İşimi seviyorum!
Pazartesi sendromunu aşmak ve bu cümleyi kurmak çok da zor değil!
Problem: "Sorunlar üstüme geliyor..."
İşiniz söz konusu olunca yüzünüz asılıyor ve neredeyse hastalık numaralarına yatıyorsunuz… Tamam, şimdi biraz cesaret! Elbette hepimiz işimizde sorunlar yaşıyoruz, birlikte çalıştığımız insanlar, patronumuz ya da müşterilerimiz. Ama asıl marifet, sorunların üzerine üzerine gitmek ve yüzleşmek…
Çözüm: Problemleri listelemek
İş yerindeki sorunlar sayılmakla bitmez… Kaçmak yok, elinize kağıt kalemi alın ve canınızı ne sıkıyorsa yazın. Problemlerin ne olduğunu saptamadan, çözüme ulaşamazsınız… Canınızı en çok ne sıkıyor? Hiç sorulmadan masanıza bırakılan dosyalar mı? Çok çalışmanıza rağmen az kazanıyor olmanız? Ya da çok kazanmak için size hiç uygun olmayan bir iş seçmiş olmanız mı? Sorumlu aramaktan vazgeçin ve kendinizi de suçlamayın… Unutmayın, sorunlar biriktikçe çekilmez ve çözümsüz bir hal alır. Bu yüzden elinizden geldiğince çabuk, sorunları halletmeye çalışın.
Problem: "Hep aynı iş, hep aynı iş..."
Aynı şirket, belki yıllar geçti, masanızın yeri bile aynı! E, monotonluk da kaçınılmaz haliyle…
Çözüm: Minik değişiklikler
İş ortamında yapabiliyorsanız minik değişikleri asla ıskalamayın. Sizi kırmayacak bir iş arkadaşınızdan masalarınızın yerini değiştirmeyi rica edebilirsiniz. Taze çiçekler, şık bir lamba ve sevdiklerinizin fotoğraflarıyla dolu çerçeveler keyfinizi yerine getirebilir… Masanın yeri değişse de, odayı taze çiçeklerle donatsanız da iş sizi hala sıkıyor mu? Öyleyse belki de pozisyonunuzdan sıkıldınız. Bu durumda işi terk etmeden, yeni fırsatlar peşinde koşmak size iyi gelecektir. Yeni sorumluluklar sizi canlandırabilir.
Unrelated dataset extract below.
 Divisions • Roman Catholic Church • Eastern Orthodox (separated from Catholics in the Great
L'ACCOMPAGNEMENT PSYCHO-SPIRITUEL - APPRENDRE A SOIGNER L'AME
Problem: "Başlangıçtaki heyecanım kalmadı"
İşe ilk başlarken hepimizin ayakları yerden kesilir… Sorunlar yoktur, rutin kapıyı çalmamıştır ve iş arkadaşları da bu kadar dedikoducu değildir. Patronun verdiği her iş bir çırpıda bitirilir, hatta mesaiye kalmak bir hobi gibidir. Ama şimdi hiçbir iş günü, ilk heyecanı taşımıyor. Gözünüzü kendinize çevirmeye ne dersiniz? Aslında değişen sizsiniz…
Çözüm: Amatör ruhu yakalamak
Hiçbir zaman “ben oldum” dememekten başlayabilirsiniz. Hangi işi yapıyor olursak olalım, mutlaka öğreneceğimiz yeni şeyler var. Özellikle de yaşça küçük arkadaşlarımızdan! Gerekirse bizden küçük arkadaşlarımızla workshop’lar yaparak, onların heyecanından kendimize biraz transfer edebiliriz.
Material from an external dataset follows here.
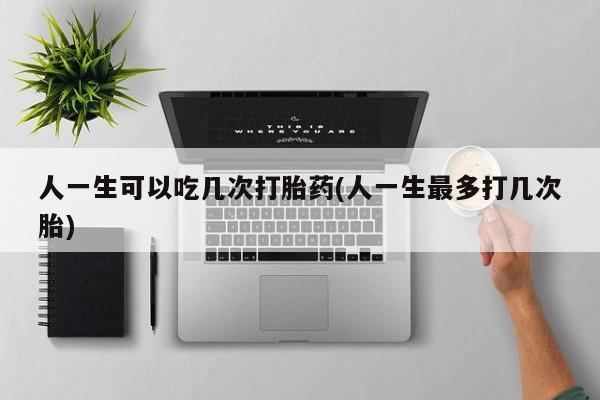 网上流产药专卖微信,人一生可以吃几次打胎药(人一生最多打几次胎)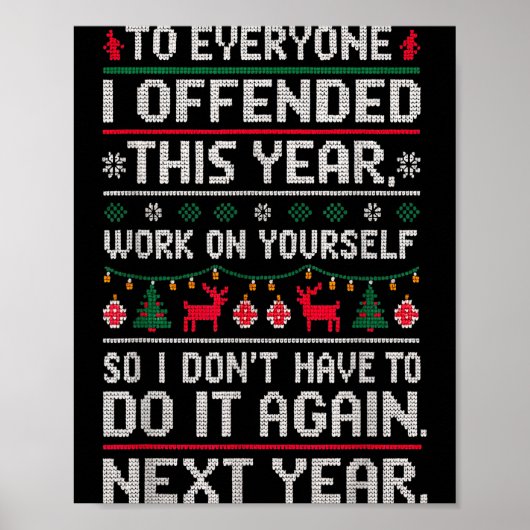 Poster Funny Ugly Sweater To Everyone I Offended This Yea (Devant)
Problem: Çekilmez iş arkadaşları
Tam konsantre oldunuz... Aniden bir kahkaha duyulur karşı masadan... Ya da bir iş arkadaşınız espri yapar, ofis karışır... Toplantı odasında konuşma sırası size geldiğinde sözünüzü kesen birileri çıkar... İş arkadaşlarınızla anlaşamıyorsunuz diye, işi bırakmak olur mu? Bizce olmaz!
Çözüm: Ortak noktaları keşfetmek
İşi bırakmayı düşünmüyorsanız, o zaman koşullara ayak uydurmaya hazırsınız demektir… İş arkadaşları da bu işin bir parçası, onları tanımaya çalışmak size çok şey katabilir. Bu yüzden onlarla birlikte dışarıda da vakit geçirmeye çalışın. Günün büyük bir bölümünü işte ve iş arkadaşlarımızla geçiriyoruz. Onlar bazen ailemizden ve arkadaşlarımızdan, hatta partnerimizden daha yakın olabiliyorlar. Belirli ölçülerde dostluk yapmak, öğlen yemeklerinde beraber vakit geçirmek, iş çıkışında birer kadeh bir şeyler için eğlenmek iş hayatımızı renklendirebilir.
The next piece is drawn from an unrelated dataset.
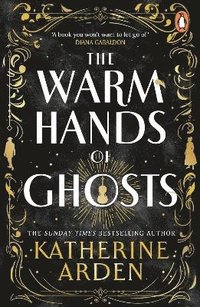 Warm Hands of Ghosts
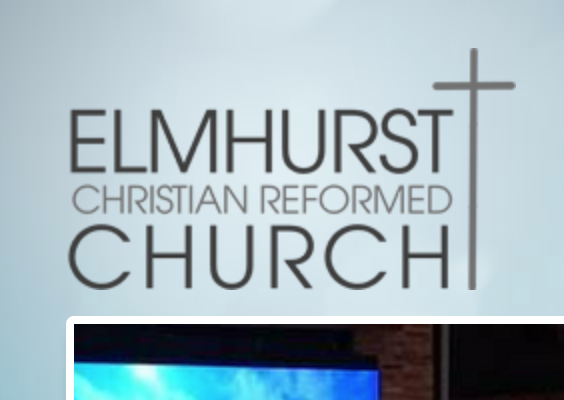 Elmhurst Church Reformed - TIME TBD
İşinizi sevmediğinizi düşünüyor, daha cuma akşamından "pazartesi yine iş var" diye hayıflanmaya mı başlıyorsunuz? Evet belki her şey hayallerinizdeki gibi değil. Ama çalışmaya devam etmek zorundaysanız, iş yerinizde mutlu olmayı da başarmak zorundasınız. En azından yeni bir cv hazırlamaya başlamadan ve çantanızı toplayıp fırmaladan bunu bir kez deneyebilirsiniz! İşte işinizi sevmeniz için birkaç tüyo...
Problem: "Patronum ilerlememi engelliyor"
Kendinizi yetiştirdiniz, yeteneklerinizi keşfedeli çok oldu, heyecanlı ve başarılısınız, ama hep yerinizde sayıyorsunuz. Çünkü sizi kıskanan ya da başka bir şirkete gitmeyin diye önünüzü kapayan bir patronunuz var, ama sizin buna artık tahammülünüz yok!
Çözüm: Kartları açık oynamak
En etkili çözüm, patronunuzla açıkça konuşmak… İş yerinizdeki sorumluluklarınızın artmasını istediğinizden bahsedin ve ona kariyerinizle ilgili planlardan söz edin. Net olun ki konuşmanızın meyvesini alabilesiniz… EğerpPatronunuz açıkça konuşmanızdan etkilenmediyse, ümitsizliğe kapılmak yok! Sizde bu çalışkanlık ve başarı potansiyeli varken, niye rakip firmaya gitmeyesiniz ki? Eminiz, patronunuz da bu fikre kulak kabartacaktır; unutmayın demokrasilerde çareler tükenmez!